__Records for processing__.
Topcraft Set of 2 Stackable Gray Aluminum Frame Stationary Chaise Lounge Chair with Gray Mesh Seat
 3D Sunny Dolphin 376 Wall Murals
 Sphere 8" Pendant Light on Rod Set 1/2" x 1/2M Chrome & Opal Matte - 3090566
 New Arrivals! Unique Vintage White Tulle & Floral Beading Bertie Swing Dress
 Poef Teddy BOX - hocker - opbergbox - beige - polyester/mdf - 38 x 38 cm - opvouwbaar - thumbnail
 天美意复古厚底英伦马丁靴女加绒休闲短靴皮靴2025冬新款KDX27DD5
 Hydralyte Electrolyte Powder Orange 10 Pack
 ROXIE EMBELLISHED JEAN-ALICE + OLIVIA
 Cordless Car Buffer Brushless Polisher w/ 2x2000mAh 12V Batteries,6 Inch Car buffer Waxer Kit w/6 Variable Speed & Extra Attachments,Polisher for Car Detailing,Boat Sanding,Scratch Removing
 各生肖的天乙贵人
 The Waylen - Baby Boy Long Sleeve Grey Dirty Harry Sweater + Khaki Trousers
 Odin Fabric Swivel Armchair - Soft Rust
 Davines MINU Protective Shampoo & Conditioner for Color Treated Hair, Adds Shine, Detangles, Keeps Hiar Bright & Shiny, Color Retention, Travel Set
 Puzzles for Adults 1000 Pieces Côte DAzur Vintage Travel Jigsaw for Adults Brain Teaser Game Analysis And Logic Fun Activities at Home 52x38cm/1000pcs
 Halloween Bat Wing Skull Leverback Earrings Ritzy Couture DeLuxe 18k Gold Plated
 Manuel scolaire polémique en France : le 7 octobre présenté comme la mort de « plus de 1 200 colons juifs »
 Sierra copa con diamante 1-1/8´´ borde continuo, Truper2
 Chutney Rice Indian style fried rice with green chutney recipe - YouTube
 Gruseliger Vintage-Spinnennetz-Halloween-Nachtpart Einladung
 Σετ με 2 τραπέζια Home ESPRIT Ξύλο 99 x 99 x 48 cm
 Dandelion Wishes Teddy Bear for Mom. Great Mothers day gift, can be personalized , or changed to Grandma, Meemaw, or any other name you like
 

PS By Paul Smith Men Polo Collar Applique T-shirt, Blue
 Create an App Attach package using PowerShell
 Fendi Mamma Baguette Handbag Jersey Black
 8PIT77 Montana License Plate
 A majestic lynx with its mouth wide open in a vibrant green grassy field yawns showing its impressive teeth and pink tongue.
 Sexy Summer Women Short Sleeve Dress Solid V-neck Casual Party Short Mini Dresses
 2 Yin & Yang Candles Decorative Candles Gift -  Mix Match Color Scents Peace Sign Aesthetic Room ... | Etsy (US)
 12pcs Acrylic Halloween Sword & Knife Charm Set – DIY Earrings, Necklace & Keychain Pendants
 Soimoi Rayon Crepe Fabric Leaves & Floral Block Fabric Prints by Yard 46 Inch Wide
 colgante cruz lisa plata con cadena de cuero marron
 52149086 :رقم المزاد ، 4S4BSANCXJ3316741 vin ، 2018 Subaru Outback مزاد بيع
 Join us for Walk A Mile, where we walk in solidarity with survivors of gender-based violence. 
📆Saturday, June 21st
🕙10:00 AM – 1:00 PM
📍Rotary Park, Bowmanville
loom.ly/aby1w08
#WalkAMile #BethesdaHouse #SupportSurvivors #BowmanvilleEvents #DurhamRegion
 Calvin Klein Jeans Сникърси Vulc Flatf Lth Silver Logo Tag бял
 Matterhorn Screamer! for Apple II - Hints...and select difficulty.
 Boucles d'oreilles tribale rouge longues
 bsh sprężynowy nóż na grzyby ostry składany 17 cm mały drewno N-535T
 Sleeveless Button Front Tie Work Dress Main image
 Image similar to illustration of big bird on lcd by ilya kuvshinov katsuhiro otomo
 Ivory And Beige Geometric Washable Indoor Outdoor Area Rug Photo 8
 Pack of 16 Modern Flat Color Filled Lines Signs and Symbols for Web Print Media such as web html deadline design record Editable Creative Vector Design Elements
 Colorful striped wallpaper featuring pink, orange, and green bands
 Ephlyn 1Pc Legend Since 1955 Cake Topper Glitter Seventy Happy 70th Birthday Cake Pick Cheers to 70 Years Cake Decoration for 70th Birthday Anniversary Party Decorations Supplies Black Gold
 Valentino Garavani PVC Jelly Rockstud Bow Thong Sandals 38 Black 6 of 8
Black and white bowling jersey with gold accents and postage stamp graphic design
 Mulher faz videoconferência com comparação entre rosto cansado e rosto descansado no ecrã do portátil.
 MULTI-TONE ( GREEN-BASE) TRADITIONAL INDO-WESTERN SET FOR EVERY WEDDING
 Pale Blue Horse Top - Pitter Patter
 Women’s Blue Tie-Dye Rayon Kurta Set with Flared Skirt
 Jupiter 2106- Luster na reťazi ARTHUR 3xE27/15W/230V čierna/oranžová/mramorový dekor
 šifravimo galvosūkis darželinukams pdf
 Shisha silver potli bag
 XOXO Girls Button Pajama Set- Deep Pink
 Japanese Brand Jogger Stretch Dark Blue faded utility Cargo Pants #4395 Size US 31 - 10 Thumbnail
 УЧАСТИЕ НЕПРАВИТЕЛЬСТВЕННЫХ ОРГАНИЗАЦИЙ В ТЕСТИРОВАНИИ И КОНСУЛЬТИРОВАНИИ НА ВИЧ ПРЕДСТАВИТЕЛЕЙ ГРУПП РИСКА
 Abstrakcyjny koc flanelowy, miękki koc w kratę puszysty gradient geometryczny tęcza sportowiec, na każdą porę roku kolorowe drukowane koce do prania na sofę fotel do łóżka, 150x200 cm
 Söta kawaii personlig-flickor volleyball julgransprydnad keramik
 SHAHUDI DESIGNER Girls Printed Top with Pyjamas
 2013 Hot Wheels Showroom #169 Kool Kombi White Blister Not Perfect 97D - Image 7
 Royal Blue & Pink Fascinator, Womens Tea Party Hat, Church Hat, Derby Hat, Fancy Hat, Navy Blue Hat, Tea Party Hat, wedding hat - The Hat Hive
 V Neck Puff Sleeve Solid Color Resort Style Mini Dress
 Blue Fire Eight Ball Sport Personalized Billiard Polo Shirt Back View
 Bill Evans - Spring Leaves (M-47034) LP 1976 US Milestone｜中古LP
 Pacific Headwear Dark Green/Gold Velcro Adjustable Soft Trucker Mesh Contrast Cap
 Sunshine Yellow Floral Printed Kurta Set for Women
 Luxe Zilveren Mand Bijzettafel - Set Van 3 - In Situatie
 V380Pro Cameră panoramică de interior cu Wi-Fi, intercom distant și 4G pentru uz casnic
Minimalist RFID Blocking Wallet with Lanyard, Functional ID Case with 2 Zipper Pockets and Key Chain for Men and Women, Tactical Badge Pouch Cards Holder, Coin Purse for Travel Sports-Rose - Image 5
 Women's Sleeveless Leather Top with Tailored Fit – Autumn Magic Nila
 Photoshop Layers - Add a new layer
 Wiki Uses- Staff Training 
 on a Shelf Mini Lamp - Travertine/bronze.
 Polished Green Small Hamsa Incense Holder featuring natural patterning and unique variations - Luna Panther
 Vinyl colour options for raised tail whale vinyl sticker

__Exercise instructions__.
Every entry needs to be copied again exactly.

__Solution to this exercise__.
Topcraft Set of 2 Stackable Gray Aluminum Frame Stationary Chaise Lounge Chair with Gray Mesh Seat
 3D Sunny Dolphin 376 Wall Murals
 Sphere 8" Pendant Light on Rod Set 1/2" x 1/2M Chrome & Opal Matte - 3090566
 New Arrivals! Unique Vintage White Tulle & Floral Beading Bertie Swing Dress
 Poef Teddy BOX - hocker - opbergbox - beige - polyester/mdf - 38 x 38 cm - opvouwbaar - thumbnail
 天美意复古厚底英伦马丁靴女加绒休闲短靴皮靴2025冬新款KDX27DD5
 Hydralyte Electrolyte Powder Orange 10 Pack
 ROXIE EMBELLISHED JEAN-ALICE + OLIVIA
 Cordless Car Buffer Brushless Polisher w/ 2x2000mAh 12V Batteries,6 Inch Car buffer Waxer Kit w/6 Variable Speed & Extra Attachments,Polisher for Car Detailing,Boat Sanding,Scratch Removing
 各生肖的天乙贵人
 The Waylen - Baby Boy Long Sleeve Grey Dirty Harry Sweater + Khaki Trousers
 Odin Fabric Swivel Armchair - Soft Rust
 Davines MINU Protective Shampoo & Conditioner for Color Treated Hair, Adds Shine, Detangles, Keeps Hiar Bright & Shiny, Color Retention, Travel Set
 Puzzles for Adults 1000 Pieces Côte DAzur Vintage Travel Jigsaw for Adults Brain Teaser Game Analysis And Logic Fun Activities at Home 52x38cm/1000pcs
 Halloween Bat Wing Skull Leverback Earrings Ritzy Couture DeLuxe 18k Gold Plated
 Manuel scolaire polémique en France : le 7 octobre présenté comme la mort de « plus de 1 200 colons juifs »
 Sierra copa con diamante 1-1/8´´ borde continuo, Truper2
 Chutney Rice Indian style fried rice with green chutney recipe - YouTube
 Gruseliger Vintage-Spinnennetz-Halloween-Nachtpart Einladung
 Σετ με 2 τραπέζια Home ESPRIT Ξύλο 99 x 99 x 48 cm
 Dandelion Wishes Teddy Bear for Mom. Great Mothers day gift, can be personalized , or changed to Grandma, Meemaw, or any other name you like
 

PS By Paul Smith Men Polo Collar Applique T-shirt, Blue
 Create an App Attach package using PowerShell
 Fendi Mamma Baguette Handbag Jersey Black
 8PIT77 Montana License Plate
 A majestic lynx with its mouth wide open in a vibrant green grassy field yawns showing its impressive teeth and pink tongue.
 Sexy Summer Women Short Sleeve Dress Solid V-neck Casual Party Short Mini Dresses
 2 Yin & Yang Candles Decorative Candles Gift -  Mix Match Color Scents Peace Sign Aesthetic Room ... | Etsy (US)
 12pcs Acrylic Halloween Sword & Knife Charm Set – DIY Earrings, Necklace & Keychain Pendants
 Soimoi Rayon Crepe Fabric Leaves & Floral Block Fabric Prints by Yard 46 Inch Wide
 colgante cruz lisa plata con cadena de cuero marron
 52149086 :رقم المزاد ، 4S4BSANCXJ3316741 vin ، 2018 Subaru Outback مزاد بيع
 Join us for Walk A Mile, where we walk in solidarity with survivors of gender-based violence. 
📆Saturday, June 21st
🕙10:00 AM – 1:00 PM
📍Rotary Park, Bowmanville
loom.ly/aby1w08
#WalkAMile #BethesdaHouse #SupportSurvivors #BowmanvilleEvents #DurhamRegion
 Calvin Klein Jeans Сникърси Vulc Flatf Lth Silver Logo Tag бял
 Matterhorn Screamer! for Apple II - Hints...and select difficulty.
 Boucles d'oreilles tribale rouge longues
 bsh sprężynowy nóż na grzyby ostry składany 17 cm mały drewno N-535T
 Sleeveless Button Front Tie Work Dress Main image
 Image similar to illustration of big bird on lcd by ilya kuvshinov katsuhiro otomo
 Ivory And Beige Geometric Washable Indoor Outdoor Area Rug Photo 8
 Pack of 16 Modern Flat Color Filled Lines Signs and Symbols for Web Print Media such as web html deadline design record Editable Creative Vector Design Elements
 Colorful striped wallpaper featuring pink, orange, and green bands
 Ephlyn 1Pc Legend Since 1955 Cake Topper Glitter Seventy Happy 70th Birthday Cake Pick Cheers to 70 Years Cake Decoration for 70th Birthday Anniversary Party Decorations Supplies Black Gold
 Valentino Garavani PVC Jelly Rockstud Bow Thong Sandals 38 Black 6 of 8
Black and white bowling jersey with gold accents and postage stamp graphic design
 Mulher faz videoconferência com comparação entre rosto cansado e rosto descansado no ecrã do portátil.
 MULTI-TONE ( GREEN-BASE) TRADITIONAL INDO-WESTERN SET FOR EVERY WEDDING
 Pale Blue Horse Top - Pitter Patter
 Women’s Blue Tie-Dye Rayon Kurta Set with Flared Skirt
 Jupiter 2106- Luster na reťazi ARTHUR 3xE27/15W/230V čierna/oranžová/mramorový dekor
 šifravimo galvosūkis darželinukams pdf
 Shisha silver potli bag
 XOXO Girls Button Pajama Set- Deep Pink
 Japanese Brand Jogger Stretch Dark Blue faded utility Cargo Pants #4395 Size US 31 - 10 Thumbnail
 УЧАСТИЕ НЕПРАВИТЕЛЬСТВЕННЫХ ОРГАНИЗАЦИЙ В ТЕСТИРОВАНИИ И КОНСУЛЬТИРОВАНИИ НА ВИЧ ПРЕДСТАВИТЕЛЕЙ ГРУПП РИСКА
 Abstrakcyjny koc flanelowy, miękki koc w kratę puszysty gradient geometryczny tęcza sportowiec, na każdą porę roku kolorowe drukowane koce do prania na sofę fotel do łóżka, 150x200 cm
 Söta kawaii personlig-flickor volleyball julgransprydnad keramik
 SHAHUDI DESIGNER Girls Printed Top with Pyjamas
 2013 Hot Wheels Showroom #169 Kool Kombi White Blister Not Perfect 97D - Image 7
 Royal Blue & Pink Fascinator, Womens Tea Party Hat, Church Hat, Derby Hat, Fancy Hat, Navy Blue Hat, Tea Party Hat, wedding hat - The Hat Hive
 V Neck Puff Sleeve Solid Color Resort Style Mini Dress
 Blue Fire Eight Ball Sport Personalized Billiard Polo Shirt Back View
 Bill Evans - Spring Leaves (M-47034) LP 1976 US Milestone｜中古LP
 Pacific Headwear Dark Green/Gold Velcro Adjustable Soft Trucker Mesh Contrast Cap
 Sunshine Yellow Floral Printed Kurta Set for Women
 Luxe Zilveren Mand Bijzettafel - Set Van 3 - In Situatie
 V380Pro Cameră panoramică de interior cu Wi-Fi, intercom distant și 4G pentru uz casnic
Minimalist RFID Blocking Wallet with Lanyard, Functional ID Case with 2 Zipper Pockets and Key Chain for Men and Women, Tactical Badge Pouch Cards Holder, Coin Purse for Travel Sports-Rose - Image 5
 Women's Sleeveless Leather Top with Tailored Fit – Autumn Magic Nila
 Photoshop Layers - Add a new layer
 Wiki Uses- Staff Training 
 on a Shelf Mini Lamp - Travertine/bronze.
 Polished Green Small Hamsa Incense Holder featuring natural patterning and unique variations - Luna Panther
 Vinyl colour options for raised tail whale vinyl sticker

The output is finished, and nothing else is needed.